Paroles aux acteurs

Deux questions à Eric BECHU

photo Deux questions à Eric BECHU

Avant d’aborder le dernier match de la phase aller, face à Toulon à Mayol, le Montpellier Hérault Rugby pointe à la deuxième place du Top 14, à un point du Stade Toulousain. TECH XV a rencontré Eric Béchu afin d’évoquer le reprise du championnat, mais aussi les malheurs du XV de France.

TECH XV : Comment avez-vous gérer cette longue interruption ?
E.BECHU : Presque comme une mini-intersaison ! Tout le monde a eu 10 jours de vacances. Les miennes ont été consacrées au jardin. J’en ai profité pour planter des arbres. Pour être entrainant il faut de la fraicheur et de l’appétit, et c’est dans la nature que je trouve ces ressources indispensables à la pratique de mon métier. Ont suivi 15 jours de travail physique, avec un gros rappel aérobie. Le problème c’est que nous n’avions que 22 joueurs à notre disposition, les autres (environ une douzaine) étaient en sélection. Maintenant il faut gérer la suite et un calendrier difficile. Nous allons rencontrer sur les 6 prochaines journées : Toulon, Biarritz, le Racing, Perpignan, Toulouse et Clermont…tous candidats déclarés aux premières places du TOP 14. Le Montpellier Hérault Rugby a réussi un bonne première partie de championnat, il s’agit désormais de confirmer sur la deuxième.

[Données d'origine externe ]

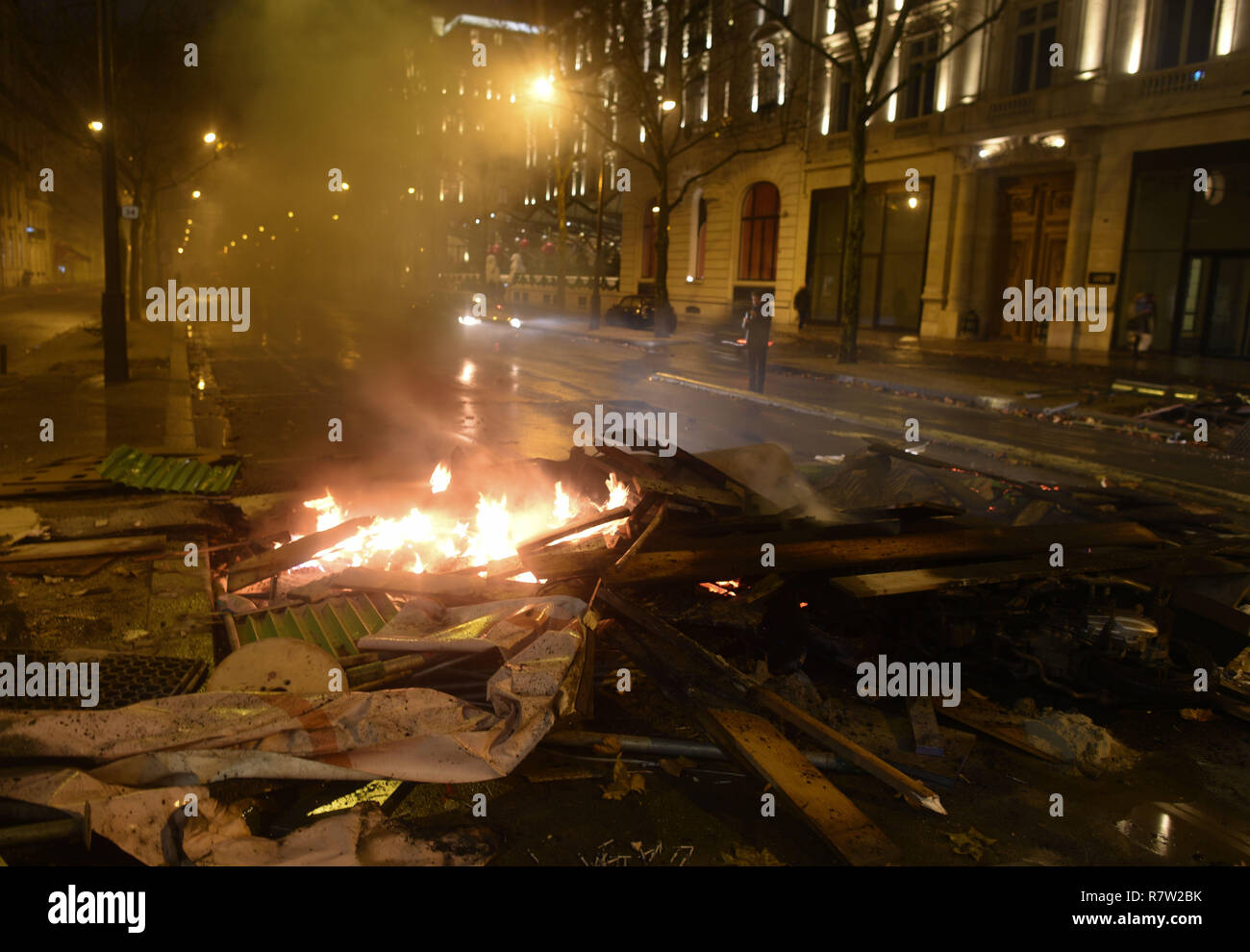 December 01, 2018 - Paris, France: Remains of a barricade on fire on avenue  Kleber after a day of violent protest against French President Emmanuel  Macron's policies. Yellow vest protesters set fire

TECH XV : Comment analysez vous la lourde défaite tricolore de samedi face aux Wallabies ?
E.BECHU : C’est un sentiment partagé. D’un côté je me dis que c’est trop gros pour être vrai, qu’il n’y a pas une telle différence entre les deux équipes, et puis de l’autre on est quand même bien obligé de constater la réalité. Et la réalité c’est que nos Bleus ont tenu 50 minutes. Je suis en admiration devant la qualité de l’organisation Australienne ; devant cette capacité à conserver le ballon, ce souci du détail, cette vitesse mise dans toutes les actions entreprises. On voit bien que ce jeu est le résultat d’un travail en profondeur effectué sur la durée. A contrario les nôtres manquent de temps pour travailler. Mais en disant ça on enfonce des portes ouvertes.